What is being asked:
For this exercise, the lines from the one with "Dispenser automatico di" through the end of the material below must be output exactly, without pictures.

Source data:
*** Block opens ***

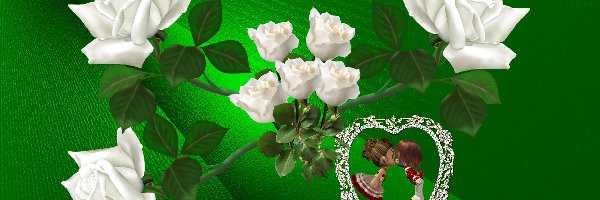 Miłość, Róże, Białe, Grafika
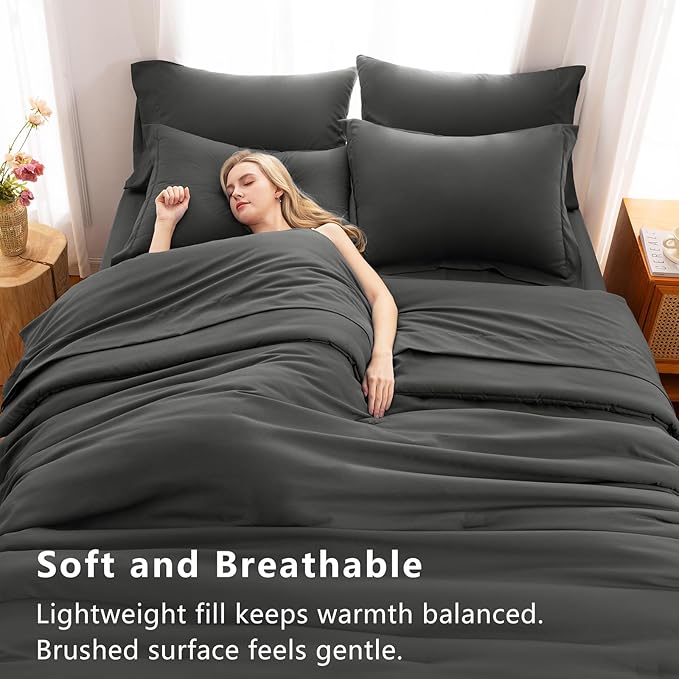 CozyLux Oversized Queen Comforter Set Dark Grey, 7 Pieces Bed in a Bag Comforter Set with Sheets, Dark Gray Luxury Soft Bedding Sets with Down Alternative Comforter, Sheets, Pillowcases & Shams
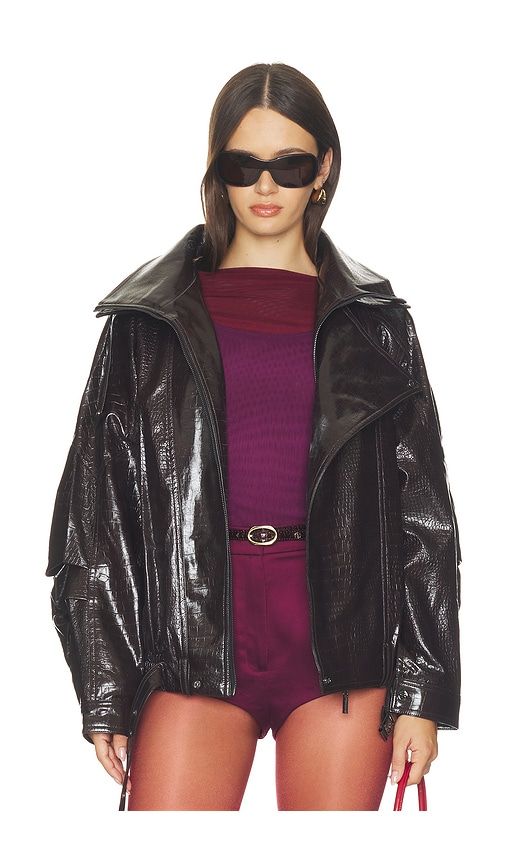 Faux Leather Croc Embossed Jacket in Brown. - size L (also in M, S, XL, XS) - Bronx Banco - Modalova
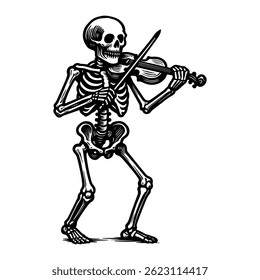 Skeleton playing the violin. Sketch skeleton. Vector, isolated on white background.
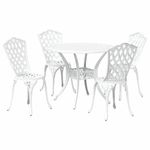 Casa si Gradina - Gradina si terasa - Mobilier exterior - Scaune si sezlonguri gradina - Set de masa pentru gradina 5 pcs Alb 90 x 90 x 75 cm - Infinity.ro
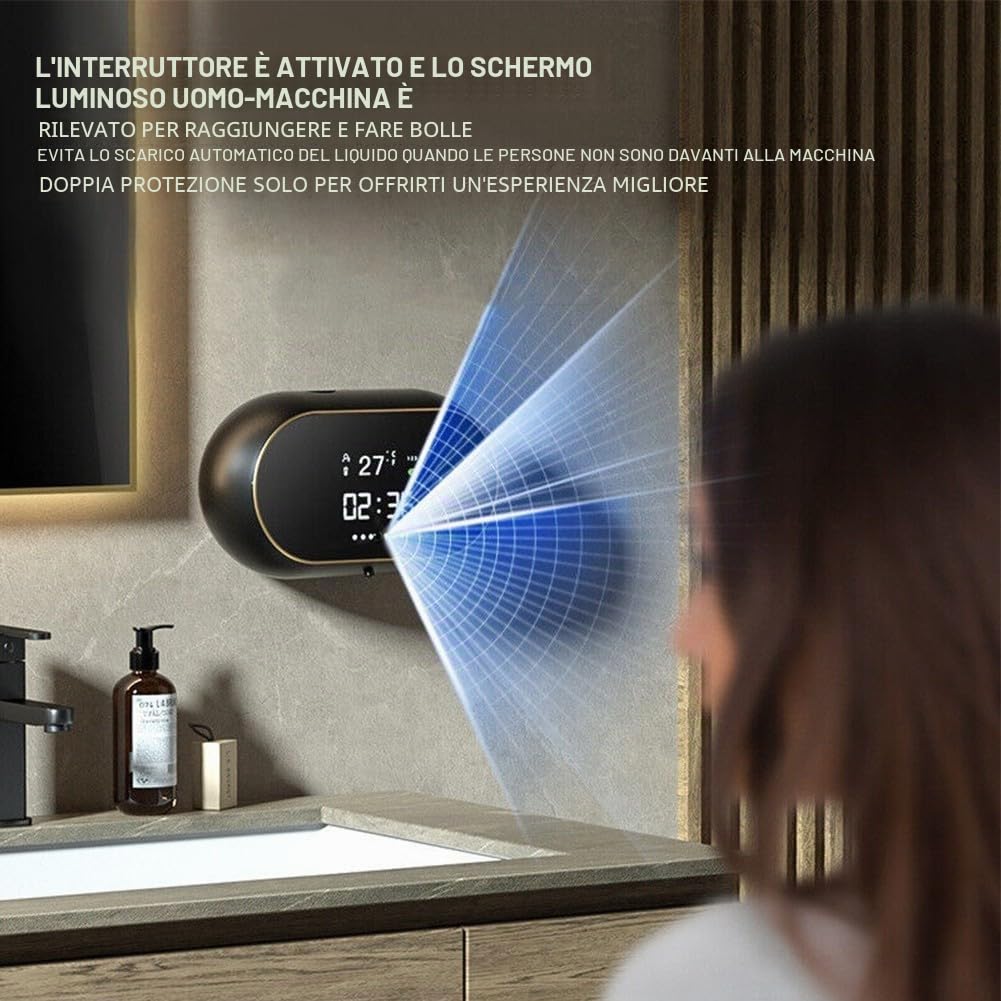 Dispenser automatico di sapone da parete, senza contatto, ricaricabile tramite USB, con sensore IR, temperatura oraria, 450 ml, per cucina e bagno (gel nero)
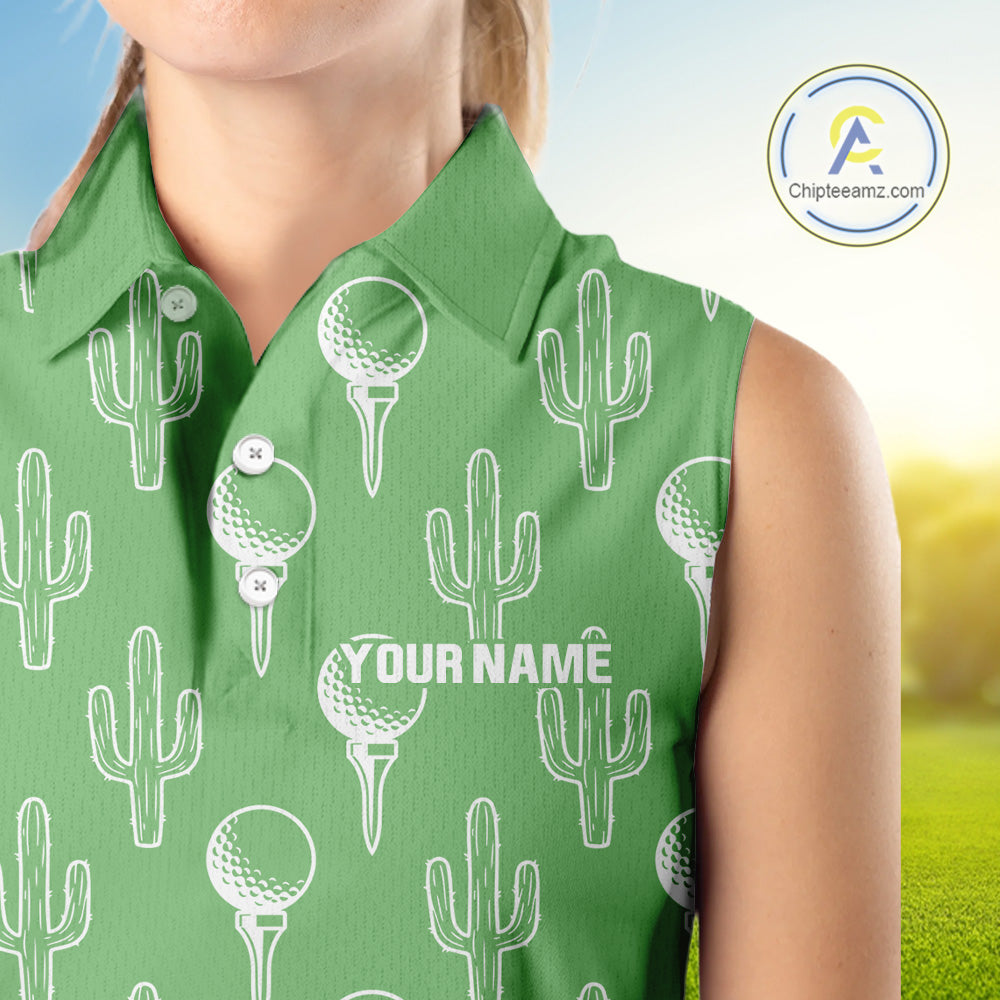 Personalized Desert Cactus Green Pattern Golf Sleeveless Polo Shirts Custom Funny Cactus Golf Gifts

*** Block closes ***

Answer for the task:
 Dispenser automatico di sapone da parete, senza contatto, ricaricabile tramite USB, con sensore IR, temperatura oraria, 450 ml, per cucina e bagno (gel nero)
 Personalized Desert Cactus Green Pattern Golf Sleeveless Polo Shirts Custom Funny Cactus Golf Gifts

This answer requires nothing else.